*** Exercise data ***
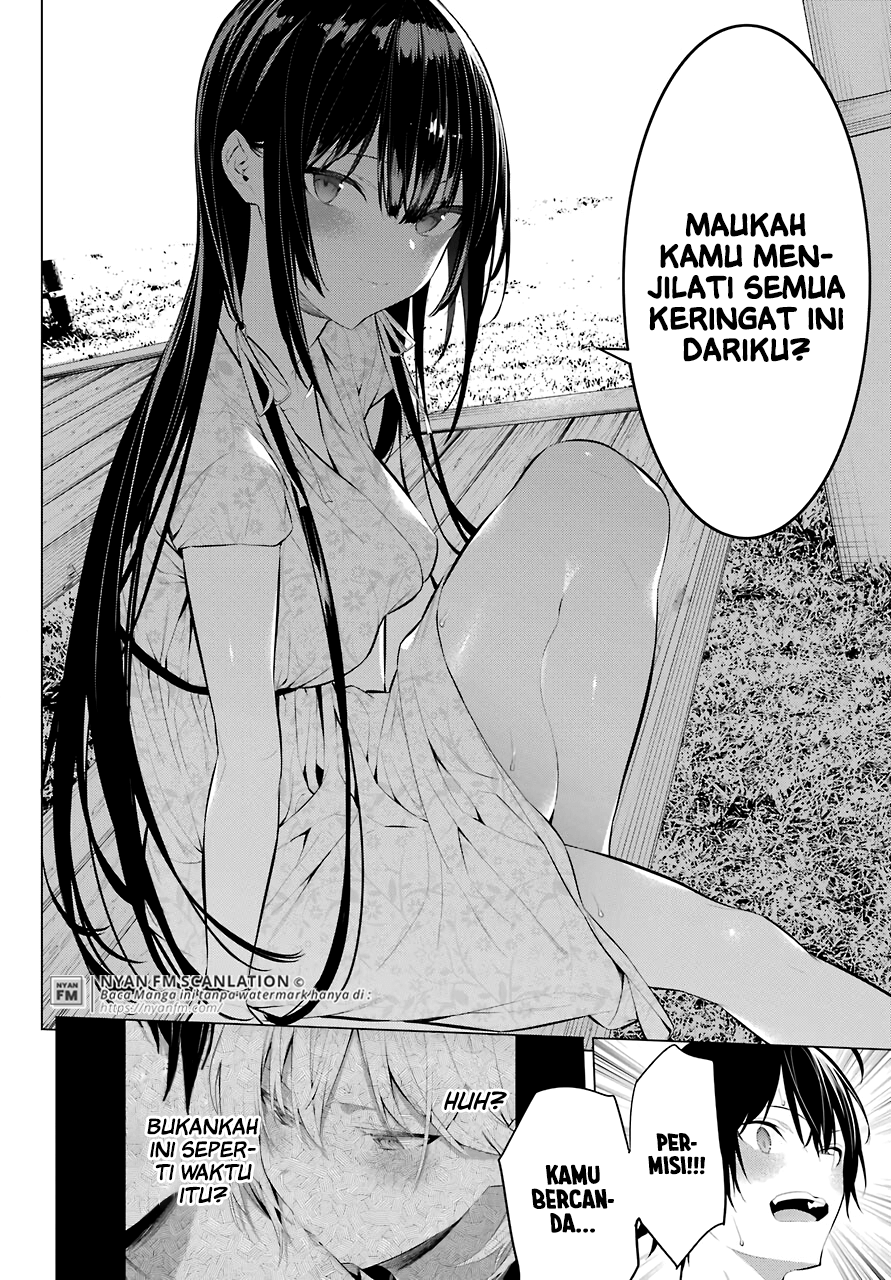 Haite Kudasai Takamine-san Chapter 21 Gambar 9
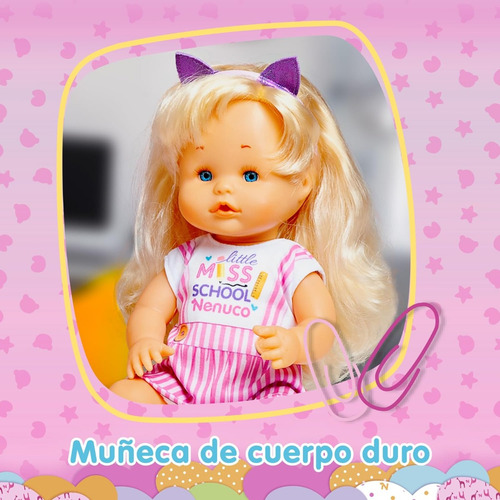 Nenuco - Muñeca Peinaditos Para El Cole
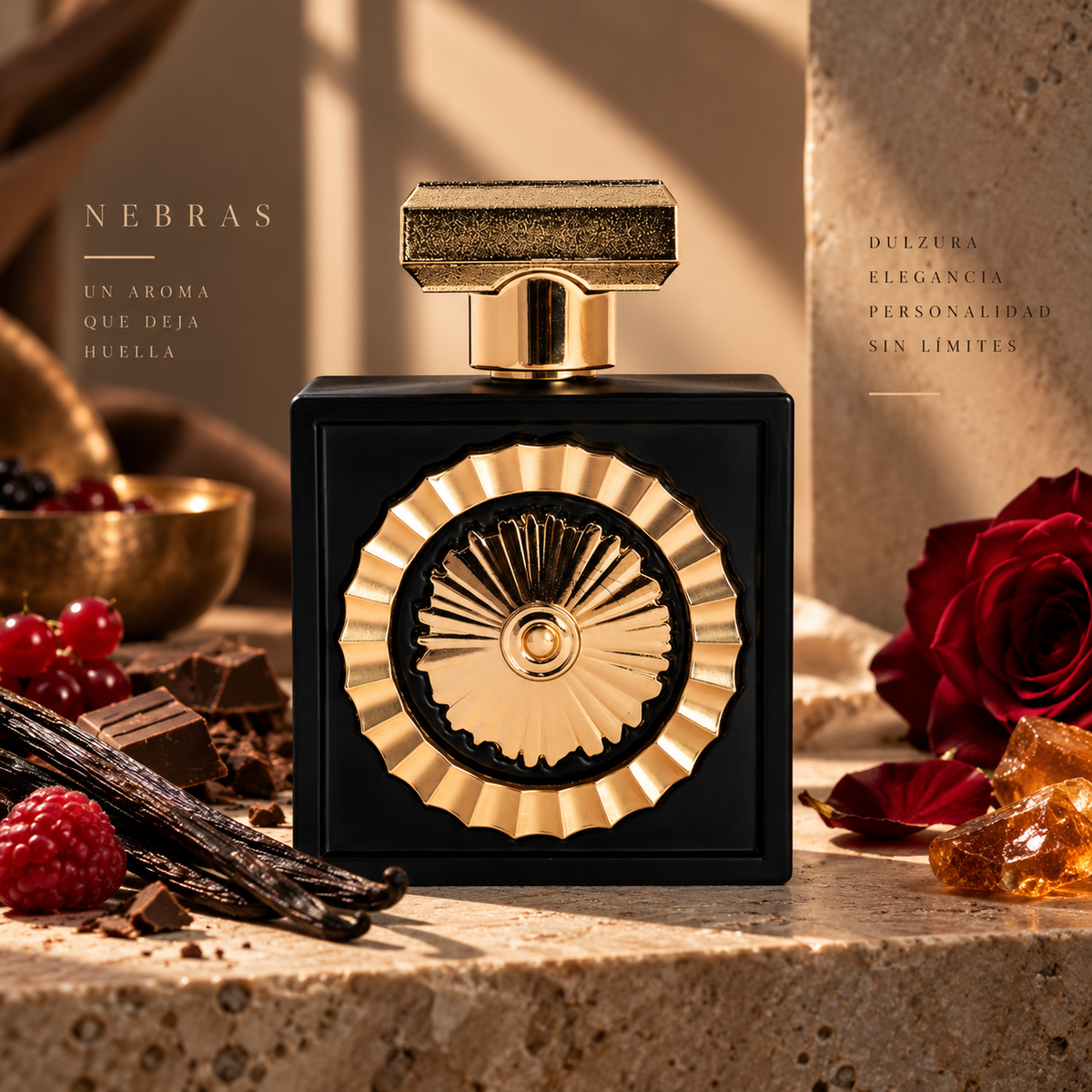 Perfume Unisex Lattafa Pride Nebas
***
Problem to solve: Copy exactly, please, the lines that run from the line holding "Nenuco - Muñeca Peinaditos Para El Cole" through the closing line of the material above, omitting every picture.

Output below:
 Nenuco - Muñeca Peinaditos Para El Cole
 Perfume Unisex Lattafa Pride Nebas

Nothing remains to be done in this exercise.